Scraped caption text data:
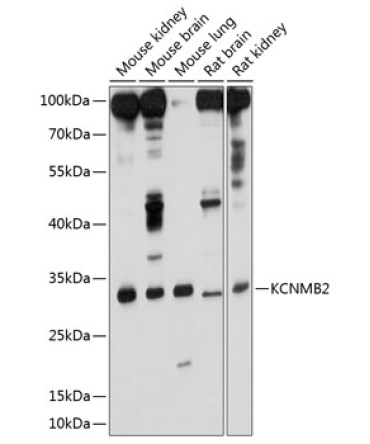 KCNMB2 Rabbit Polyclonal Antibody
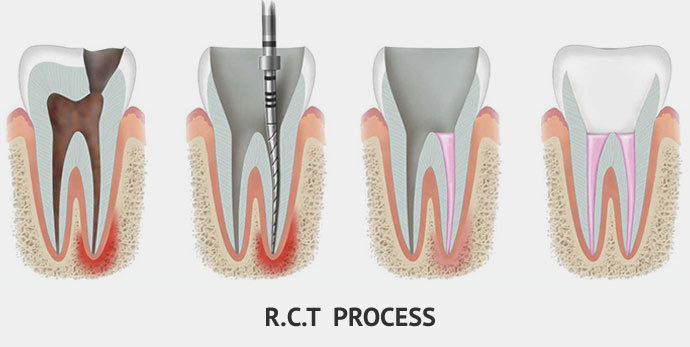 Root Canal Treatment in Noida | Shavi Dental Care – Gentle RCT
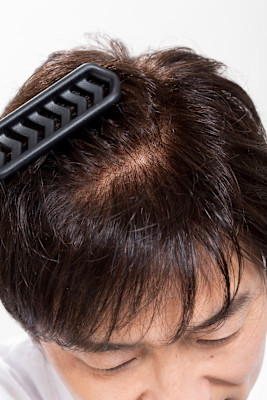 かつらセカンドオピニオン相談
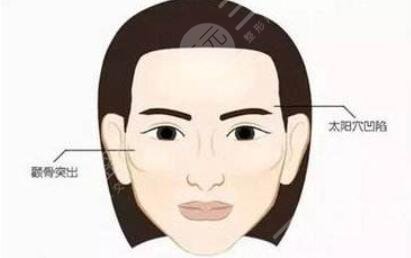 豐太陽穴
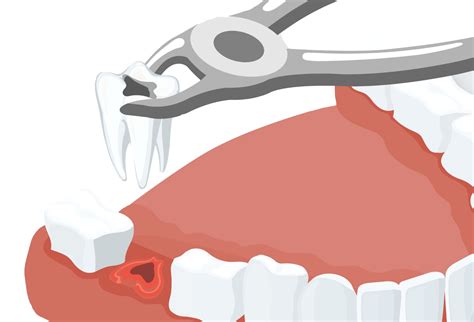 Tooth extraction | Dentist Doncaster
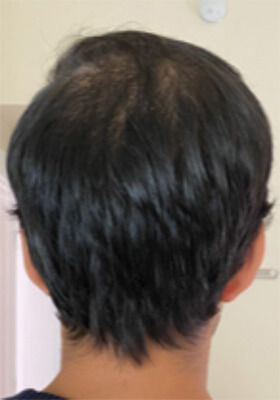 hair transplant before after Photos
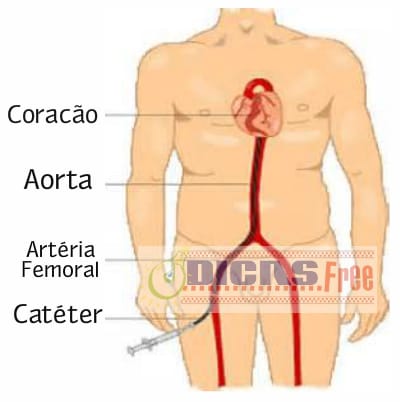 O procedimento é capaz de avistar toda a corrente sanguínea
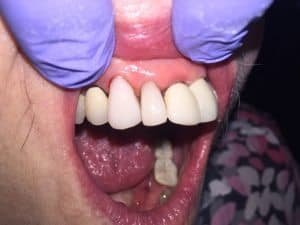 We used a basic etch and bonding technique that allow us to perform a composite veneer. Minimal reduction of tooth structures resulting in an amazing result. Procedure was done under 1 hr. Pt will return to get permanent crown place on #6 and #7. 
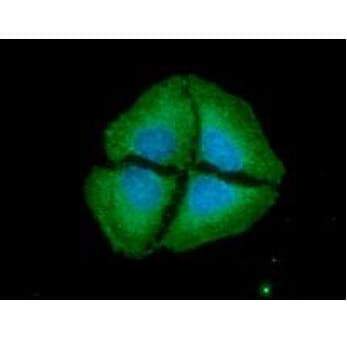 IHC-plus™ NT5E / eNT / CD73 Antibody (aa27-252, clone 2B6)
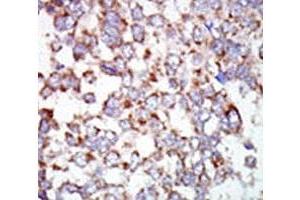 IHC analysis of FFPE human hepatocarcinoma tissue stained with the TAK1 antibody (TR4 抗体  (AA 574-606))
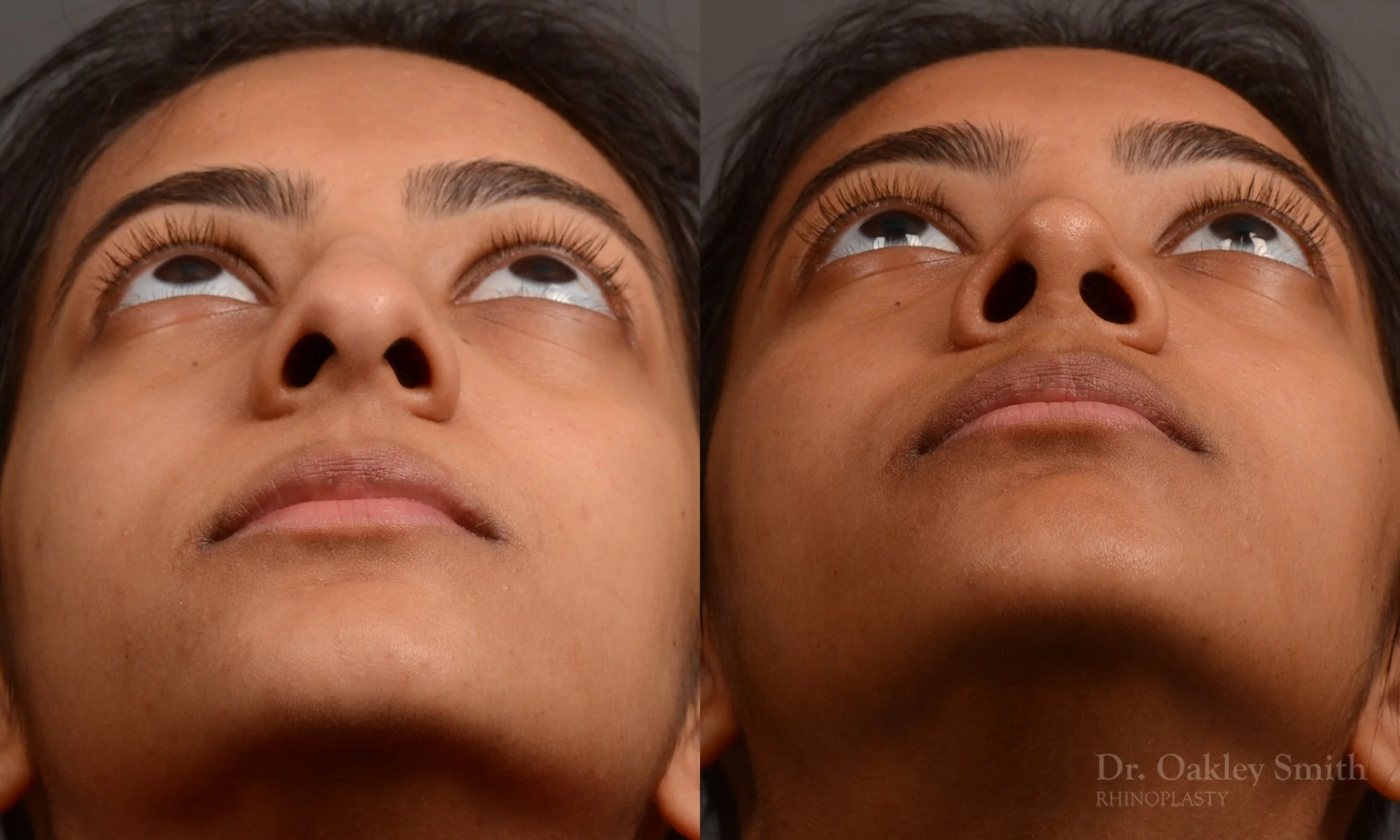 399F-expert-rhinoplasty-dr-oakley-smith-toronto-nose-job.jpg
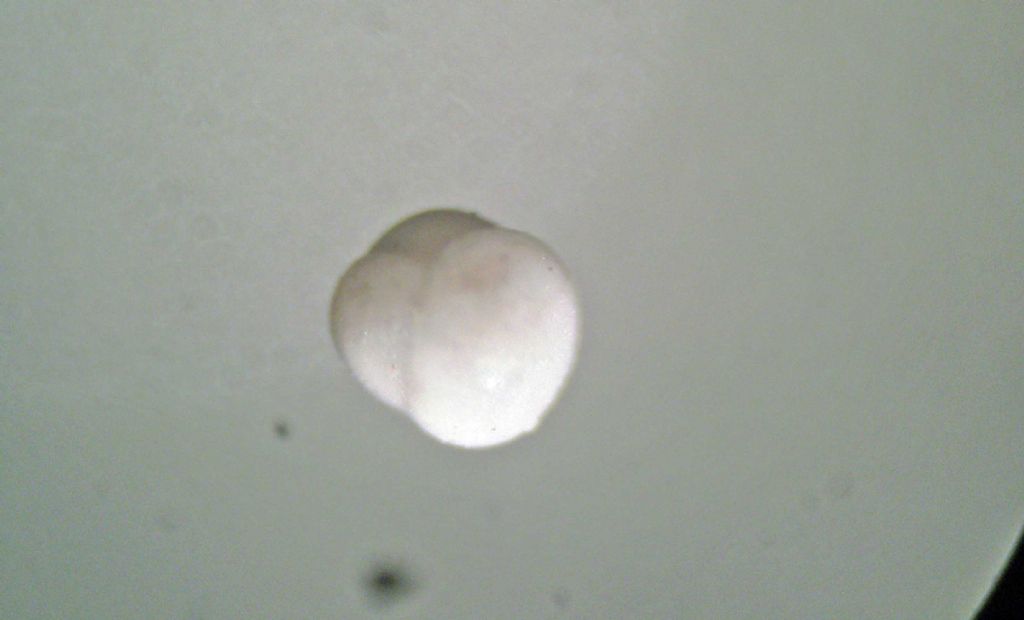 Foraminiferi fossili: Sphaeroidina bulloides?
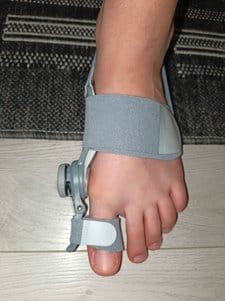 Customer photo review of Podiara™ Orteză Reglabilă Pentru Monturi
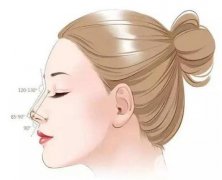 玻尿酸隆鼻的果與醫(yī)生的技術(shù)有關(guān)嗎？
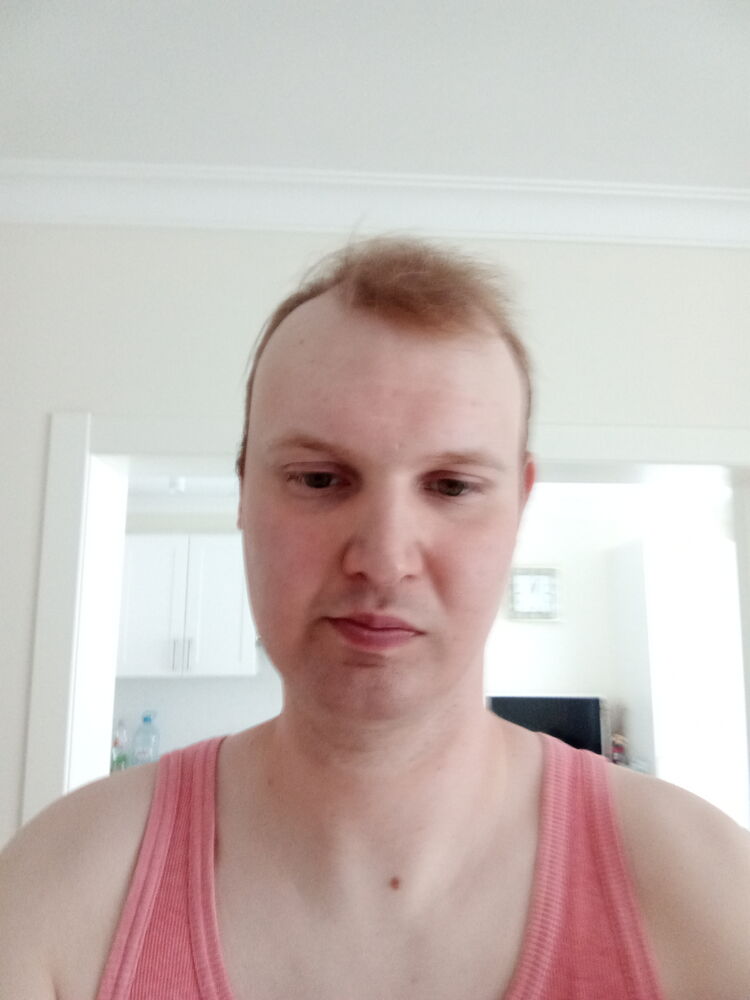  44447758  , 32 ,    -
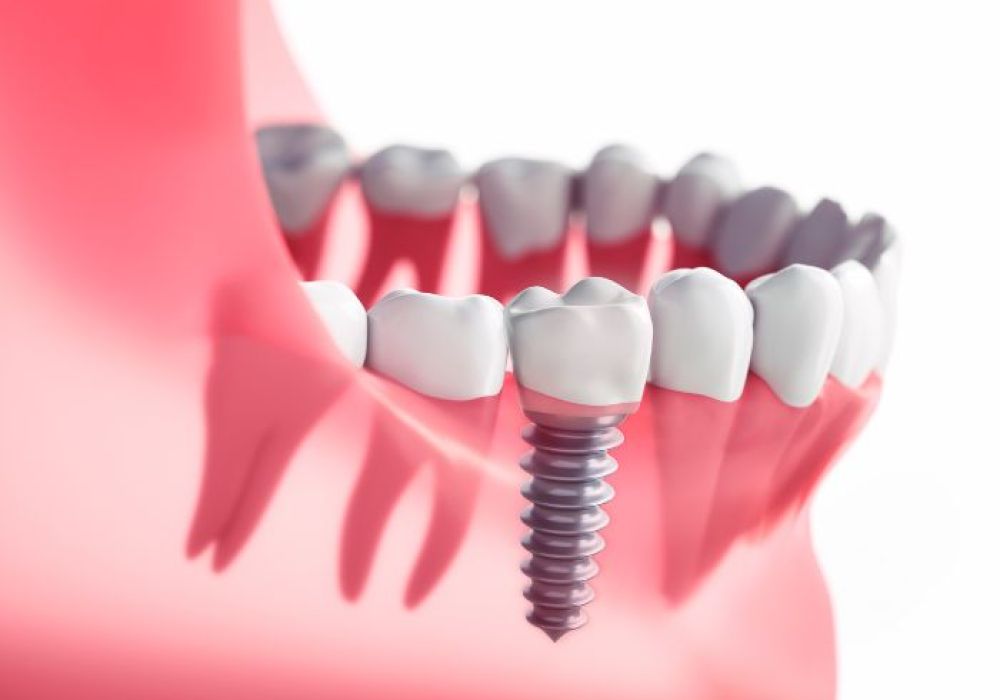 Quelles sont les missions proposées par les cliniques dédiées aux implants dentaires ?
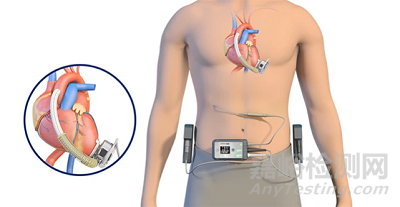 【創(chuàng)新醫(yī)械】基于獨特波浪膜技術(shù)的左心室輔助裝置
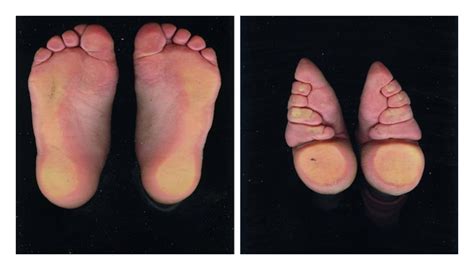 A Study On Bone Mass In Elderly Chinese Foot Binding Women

Instructions to follow:
Reproduce exactly, and only, the lines from the one containing "Root Canal Treatment" through the last line of the records above, both included, leaving out any pictures.

Your solution:
 Root Canal Treatment in Noida | Shavi Dental Care – Gentle RCT
 かつらセカンドオピニオン相談
 豐太陽穴
 Tooth extraction | Dentist Doncaster
 hair transplant before after Photos
 O procedimento é capaz de avistar toda a corrente sanguínea
 We used a basic etch and bonding technique that allow us to perform a composite veneer. Minimal reduction of tooth structures resulting in an amazing result. Procedure was done under 1 hr. Pt will return to get permanent crown place on #6 and #7. 
 IHC-plus™ NT5E / eNT / CD73 Antibody (aa27-252, clone 2B6)
 IHC analysis of FFPE human hepatocarcinoma tissue stained with the TAK1 antibody (TR4 抗体  (AA 574-606))
 399F-expert-rhinoplasty-dr-oakley-smith-toronto-nose-job.jpg
 Foraminiferi fossili: Sphaeroidina bulloides?
 Customer photo review of Podiara™ Orteză Reglabilă Pentru Monturi
 玻尿酸隆鼻的果與醫(yī)生的技術(shù)有關(guān)嗎？
  44447758  , 32 ,    -
 Quelles sont les missions proposées par les cliniques dédiées aux implants dentaires ?
 【創(chuàng)新醫(yī)械】基于獨特波浪膜技術(shù)的左心室輔助裝置
 A Study On Bone Mass In Elderly Chinese Foot Binding Women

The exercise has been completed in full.